Segment Start: MATERIAL FOR THE TASK
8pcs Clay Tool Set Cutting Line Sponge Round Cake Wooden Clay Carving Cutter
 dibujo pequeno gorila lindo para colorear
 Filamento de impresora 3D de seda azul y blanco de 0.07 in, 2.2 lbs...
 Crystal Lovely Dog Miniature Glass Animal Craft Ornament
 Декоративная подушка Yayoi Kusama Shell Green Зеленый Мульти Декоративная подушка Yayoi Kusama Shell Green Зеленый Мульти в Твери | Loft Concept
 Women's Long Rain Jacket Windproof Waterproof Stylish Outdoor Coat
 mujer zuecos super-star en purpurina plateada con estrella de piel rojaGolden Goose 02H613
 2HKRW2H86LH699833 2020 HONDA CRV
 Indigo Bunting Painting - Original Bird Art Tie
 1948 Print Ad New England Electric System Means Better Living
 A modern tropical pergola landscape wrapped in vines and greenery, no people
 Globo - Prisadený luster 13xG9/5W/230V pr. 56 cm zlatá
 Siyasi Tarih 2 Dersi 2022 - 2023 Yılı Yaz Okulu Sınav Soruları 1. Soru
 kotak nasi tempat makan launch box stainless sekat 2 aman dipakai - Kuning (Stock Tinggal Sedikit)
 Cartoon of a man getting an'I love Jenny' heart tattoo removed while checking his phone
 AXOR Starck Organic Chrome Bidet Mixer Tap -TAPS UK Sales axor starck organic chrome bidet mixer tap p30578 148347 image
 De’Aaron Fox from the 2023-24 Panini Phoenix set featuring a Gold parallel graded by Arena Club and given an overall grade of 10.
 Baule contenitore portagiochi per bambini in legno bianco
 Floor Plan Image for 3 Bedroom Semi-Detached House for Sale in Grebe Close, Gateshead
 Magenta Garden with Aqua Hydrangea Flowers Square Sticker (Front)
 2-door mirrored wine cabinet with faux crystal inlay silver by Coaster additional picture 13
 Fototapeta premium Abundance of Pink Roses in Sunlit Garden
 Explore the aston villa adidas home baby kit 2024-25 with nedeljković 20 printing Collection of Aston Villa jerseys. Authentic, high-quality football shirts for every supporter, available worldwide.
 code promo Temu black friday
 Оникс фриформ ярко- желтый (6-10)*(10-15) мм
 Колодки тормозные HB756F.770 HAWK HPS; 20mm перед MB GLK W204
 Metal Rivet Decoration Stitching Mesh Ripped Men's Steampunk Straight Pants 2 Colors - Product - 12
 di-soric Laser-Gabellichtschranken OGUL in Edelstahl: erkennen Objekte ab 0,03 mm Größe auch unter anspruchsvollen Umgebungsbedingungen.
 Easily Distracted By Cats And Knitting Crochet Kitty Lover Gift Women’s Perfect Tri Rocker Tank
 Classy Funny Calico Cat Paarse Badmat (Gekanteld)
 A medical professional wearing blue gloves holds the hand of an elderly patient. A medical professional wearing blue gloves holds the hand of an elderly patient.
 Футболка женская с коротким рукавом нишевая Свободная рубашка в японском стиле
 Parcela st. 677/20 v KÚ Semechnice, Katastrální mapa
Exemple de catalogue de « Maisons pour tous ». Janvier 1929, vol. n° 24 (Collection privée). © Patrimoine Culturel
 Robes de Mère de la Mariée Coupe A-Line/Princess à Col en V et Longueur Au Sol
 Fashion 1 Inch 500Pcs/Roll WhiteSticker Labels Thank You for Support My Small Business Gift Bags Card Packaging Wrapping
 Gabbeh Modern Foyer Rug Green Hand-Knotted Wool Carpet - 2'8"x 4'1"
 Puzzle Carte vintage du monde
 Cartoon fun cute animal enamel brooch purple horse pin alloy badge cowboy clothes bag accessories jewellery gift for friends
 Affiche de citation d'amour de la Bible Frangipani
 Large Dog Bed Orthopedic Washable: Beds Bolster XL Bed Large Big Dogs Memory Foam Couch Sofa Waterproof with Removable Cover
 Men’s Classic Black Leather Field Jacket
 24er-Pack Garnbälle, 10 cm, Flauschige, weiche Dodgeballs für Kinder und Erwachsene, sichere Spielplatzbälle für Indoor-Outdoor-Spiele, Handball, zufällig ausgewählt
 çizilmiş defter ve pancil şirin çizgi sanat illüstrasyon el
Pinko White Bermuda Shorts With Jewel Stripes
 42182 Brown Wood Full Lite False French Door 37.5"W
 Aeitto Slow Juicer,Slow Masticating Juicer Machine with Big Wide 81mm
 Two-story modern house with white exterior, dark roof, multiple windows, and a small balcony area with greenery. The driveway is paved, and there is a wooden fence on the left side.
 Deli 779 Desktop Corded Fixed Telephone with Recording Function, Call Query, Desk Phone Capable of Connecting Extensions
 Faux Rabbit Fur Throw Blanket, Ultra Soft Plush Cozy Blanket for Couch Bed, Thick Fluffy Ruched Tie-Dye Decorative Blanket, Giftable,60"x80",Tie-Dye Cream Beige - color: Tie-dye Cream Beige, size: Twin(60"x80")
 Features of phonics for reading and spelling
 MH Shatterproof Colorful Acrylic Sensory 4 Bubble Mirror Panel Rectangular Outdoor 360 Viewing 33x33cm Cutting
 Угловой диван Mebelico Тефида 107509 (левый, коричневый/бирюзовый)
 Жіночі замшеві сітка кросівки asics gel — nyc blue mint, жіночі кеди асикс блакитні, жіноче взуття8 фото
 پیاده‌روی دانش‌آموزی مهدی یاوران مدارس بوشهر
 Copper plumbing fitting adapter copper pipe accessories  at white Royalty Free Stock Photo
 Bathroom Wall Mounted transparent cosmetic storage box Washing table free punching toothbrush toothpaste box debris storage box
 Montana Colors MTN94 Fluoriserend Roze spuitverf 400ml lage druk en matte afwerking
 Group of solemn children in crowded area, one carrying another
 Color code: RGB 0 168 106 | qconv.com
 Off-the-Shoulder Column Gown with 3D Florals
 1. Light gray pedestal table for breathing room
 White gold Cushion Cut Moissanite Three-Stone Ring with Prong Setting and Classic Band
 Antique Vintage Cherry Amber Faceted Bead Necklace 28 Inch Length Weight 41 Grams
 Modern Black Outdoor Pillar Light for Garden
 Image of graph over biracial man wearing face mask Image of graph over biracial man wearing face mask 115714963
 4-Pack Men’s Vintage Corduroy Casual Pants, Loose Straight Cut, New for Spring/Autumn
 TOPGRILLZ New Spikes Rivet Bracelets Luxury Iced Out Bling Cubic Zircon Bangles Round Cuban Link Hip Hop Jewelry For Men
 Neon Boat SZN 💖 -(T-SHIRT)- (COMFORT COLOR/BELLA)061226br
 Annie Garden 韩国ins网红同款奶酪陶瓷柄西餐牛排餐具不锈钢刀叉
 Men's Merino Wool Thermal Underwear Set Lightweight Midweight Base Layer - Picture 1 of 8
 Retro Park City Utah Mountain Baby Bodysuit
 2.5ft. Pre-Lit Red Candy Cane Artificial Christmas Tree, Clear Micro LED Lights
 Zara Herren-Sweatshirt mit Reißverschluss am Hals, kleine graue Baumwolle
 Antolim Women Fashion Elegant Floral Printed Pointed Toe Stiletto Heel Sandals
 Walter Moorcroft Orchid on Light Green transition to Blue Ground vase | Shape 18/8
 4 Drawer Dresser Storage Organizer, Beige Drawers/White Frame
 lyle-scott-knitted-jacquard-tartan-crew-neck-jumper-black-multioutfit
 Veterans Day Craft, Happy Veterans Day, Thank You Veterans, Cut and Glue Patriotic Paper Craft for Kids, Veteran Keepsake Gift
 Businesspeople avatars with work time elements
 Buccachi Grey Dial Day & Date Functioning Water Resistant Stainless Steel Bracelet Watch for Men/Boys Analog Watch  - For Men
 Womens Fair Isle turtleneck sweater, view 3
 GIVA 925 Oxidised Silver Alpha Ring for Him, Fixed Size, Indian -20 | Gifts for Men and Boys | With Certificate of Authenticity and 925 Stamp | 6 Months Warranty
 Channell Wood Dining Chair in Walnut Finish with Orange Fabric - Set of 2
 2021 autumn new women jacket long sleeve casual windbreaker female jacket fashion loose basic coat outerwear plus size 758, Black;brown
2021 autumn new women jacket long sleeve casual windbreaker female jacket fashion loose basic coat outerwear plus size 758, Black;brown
Segment End: MATERIAL FOR THE TASK
# TASK BRIEF:
Give back the records above exactly, limited to the lines between the one holding "Deli 779 Desktop" and the one holding "1. Light gray", inclusive.

# WRITTEN REPLY:
 Deli 779 Desktop Corded Fixed Telephone with Recording Function, Call Query, Desk Phone Capable of Connecting Extensions
 Faux Rabbit Fur Throw Blanket, Ultra Soft Plush Cozy Blanket for Couch Bed, Thick Fluffy Ruched Tie-Dye Decorative Blanket, Giftable,60"x80",Tie-Dye Cream Beige - color: Tie-dye Cream Beige, size: Twin(60"x80")
 Features of phonics for reading and spelling
 MH Shatterproof Colorful Acrylic Sensory 4 Bubble Mirror Panel Rectangular Outdoor 360 Viewing 33x33cm Cutting
 Угловой диван Mebelico Тефида 107509 (левый, коричневый/бирюзовый)
 Жіночі замшеві сітка кросівки asics gel — nyc blue mint, жіночі кеди асикс блакитні, жіноче взуття8 фото
 پیاده‌روی دانش‌آموزی مهدی یاوران مدارس بوشهر
 Copper plumbing fitting adapter copper pipe accessories  at white Royalty Free Stock Photo
 Bathroom Wall Mounted transparent cosmetic storage box Washing table free punching toothbrush toothpaste box debris storage box
 Montana Colors MTN94 Fluoriserend Roze spuitverf 400ml lage druk en matte afwerking
 Group of solemn children in crowded area, one carrying another
 Color code: RGB 0 168 106 | qconv.com
 Off-the-Shoulder Column Gown with 3D Florals
 1. Light gray pedestal table for breathing room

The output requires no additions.